Quantum computers have the potential to be phenomenally fast due
to a couple of weird traits of particles. When particles are isolated
from their environments, they enter the quantum state of superposition,
and are in some mix of all possible states.
And when two or more particles in superposition come into contact,
they can become entangled, meaning one or more of their properties are
linked. The link remains even if the particles are separated, and if one
particle interacts with its environment and is knocked out of superposition
into a definite state, the other particle also leaves superposition and
assumes the same state at the same instant regardless of the distance
between them.
The key to quantum computers' potential is that qubits in superposition
can represent every possible answer to a problem at the same time, allowing
the computer to check all the answers with one set of operations. Quantum
computers containing thousands of qubits would be able to solve problems
that have so many possibilities it would take today's computers longer
than the life of the universe to check them all serially.
In the nearest-neighbor quantum computer architectures that could
be improved by the NIST scheme, neighboring qubits become entangled in
order to pass along information during logic operations. The bus qubits
in the researchers' scheme don't carry information directly, but become
entangled to form a communications channel.

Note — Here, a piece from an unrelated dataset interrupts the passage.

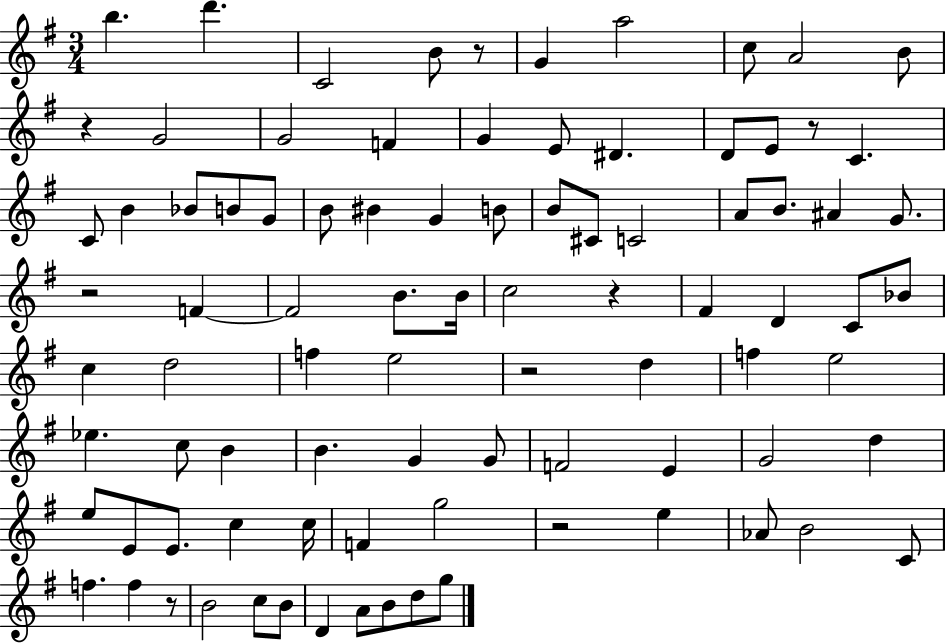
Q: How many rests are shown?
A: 8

When distant memory qubits A and B need to interact, "one creates
a chain of... entangled pairs of bus qubits between A and B using nearest-neighbor
interactions," Brennan said. In a second step, entanglement swapping,
the ends of the chain are entangled with each other, Brennan said. Qubits
A and B can communicate by having qubit A interact with the bus qubit
at one end of the chain and B interact with the bus qubit at the other
end of the chain. "The effect is the same as if A and B interacted directly,"
he said.
The nearest-neighbor interactions needed to form a chain with
entangled ends are easier to carry out and less error prone than the interactions
needed to pass information from one qubit to the next.

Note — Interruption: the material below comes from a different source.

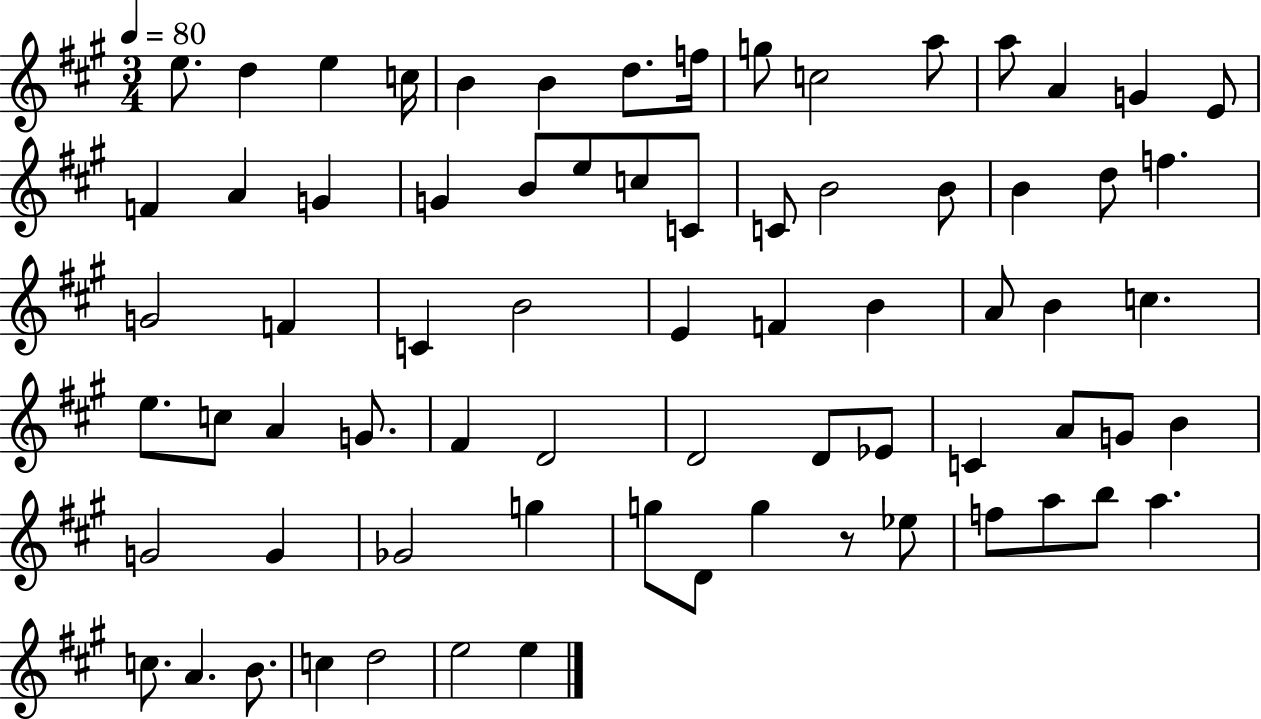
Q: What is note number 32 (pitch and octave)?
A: C4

A communications bus "will certainly be necessary for large quantum
computers that use nearest-neighbor interaction," said David Kielpinski,
a postdoctoral fellow at the Massachusetts Institute of Technology. The
NIST method "is innovative and plausible, drawing on interesting recent
results in quantum communication," he said.
Setting up quantum communications links between distant parts
of a quantum computer to allow widely separated qubits to talk to each
other reduces the computing time considerably, said Kielpinski. At the
same time, however, "it takes some extra work to set up a good communications
link, so more resources and time are needed than for proposals that don't
have the nearest-neighbor limitation in the first place," he said.
Proposals to build quantum computers from quantum dots, semiconductor
impurities and optical lattices all use nearest-neighbor architectures.
Quantum dots are specks of semiconductor that trap individual or small
numbers of electrons. Semiconductor impurities are individual atoms embedded
in semiconductor material. Optical lattices are three-dimensional arrays
of laser beams that trap individual atoms.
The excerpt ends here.